今年から利用者拡大! 「iDeCo(イデコ)」にも注目

積立投資をするなら個人型確定拠出年金「iDeCo(イデコ)」(*)にも注目です。イデコは公的年金に上乗せする私的年金。老後資金作りの手段の一つです。

制度は2001年からありましたが、今年の1月から公務員や企業年金のある会社員、専業主婦やパート主婦なども加入対象となり、60歳未満の人であればほぼ誰でも利用できるようになりました。
(*)iDeCoは個人型確定拠出年金の英語表記「individual-type Defined Contribution pension plan」の頭文字を取った愛称。

積立投資には注目のiDeCo

積立投資には注目のiDeCo



仕組みは次のとおり。毎月一定の掛金を拠出し(積み立て)、自分で選んだ商品で運用し、掛金の総額と運用益を原資に60歳以降に年金や一時金を受け取ります。掛金は月5000円以上1000円単位。属性により年間の拠出限度額が定められているので、その範囲に収まるように掛金の拠出額(積立額)を設定します。商品は投資信託、定期預金などの中から選びます。複数の商品を組み合わせて利用することもできます。

IDeCoの年間拠出限度額(年間積立限度額)

■企業年金等(**)に加入している会社員
企業年金の種類により年額24万円(月額2万円)または年額14万4000円(月額1万2000円)
■企業年金等(*)に加入していない会社員
年額27万6000円(月額2万3000円)
■公務員・私学共済加入者
年額14万4000円(月額1万2000円)
■自営業者
年間81万6000円(月額6万8000円)
■専業主婦等
年額27万6000円(月額2万3000円)

(**)企業型確定拠出年金や確定給付企業等のこと。

3つの税制優遇メリットが魅力

大きな特徴は3つの税制優遇メリットです。1つめは掛金が全額所得控除されること。これにより課税対象となる所得が減るため、結果として所得税や住民税が軽減されます(ただし所得のない専業主婦は所得控除のメリットは受けられません)。

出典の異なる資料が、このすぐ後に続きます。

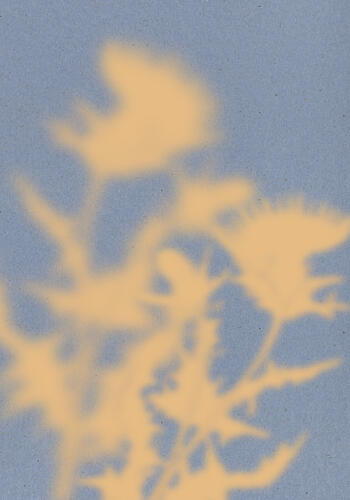Soft Floral Shadows Art déco reproduction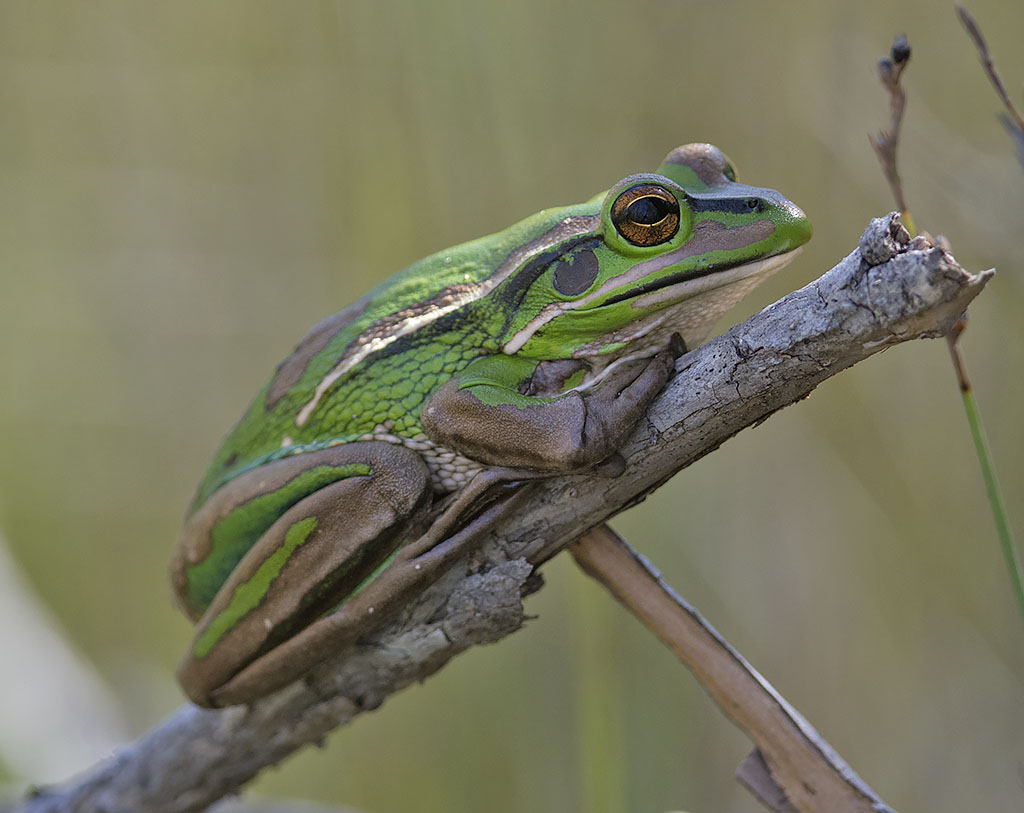 Frogs of Victoria – Go Birding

2つめは運用益が非課税になること。通常、金融商品の運用益には約20%(正確には復興特別所得税を足して20.315%)の税金が課されますが、iDeCoの運用益は常に非課税です。NISAや積立NISAも運用益が非課税ですが、非課税期間は限定されています。

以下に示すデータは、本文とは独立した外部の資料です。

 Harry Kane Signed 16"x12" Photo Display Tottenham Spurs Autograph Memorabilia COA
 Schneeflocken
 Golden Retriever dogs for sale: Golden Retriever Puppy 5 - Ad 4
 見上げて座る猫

3つめは将来的な話になりますが、受取時に有利な控除の対象になること。一時金であれば「退職所得控除」、年金であれば公的年金等控除が受けられます。

iDeCoの3つの税制優遇措置

(1)掛金が全額所得控除される→所得税や住民税が軽減
(2)運用益(投資信託の分配金や売却益、定期預金の利息など)が非課税
(3)受取時に有利な控除が受けられる→一時金は退職所得控除、年金は公的年金等控除

「老後資金はどの道貯める必要があります。だったら税制優遇が受けられるiDeCoで早めに着手したほうがいいでしょう。特に働いている人は積み立てているだけで所得控除が受けられるのでメリット大です」(藤川太さん)

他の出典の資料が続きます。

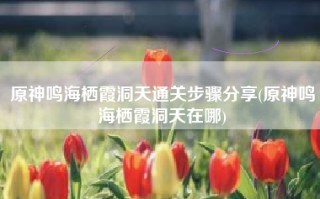原神鸣海栖霞洞天通关步骤分享(原神鸣海栖霞洞天在哪)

iDeCoは原則60歳まで引き出しはできませんが、逆に他の目的に流用することなく着実に老後資金が貯められます。積立額は前述のとおり月5000円以上1000円単位なので、他のライフプランに使う資金とのバランスも考えて無理のない金額で始めましょう。

「iDeCoで貯めた金額も1000万円の中にカウントして構いません」(藤川太さん)。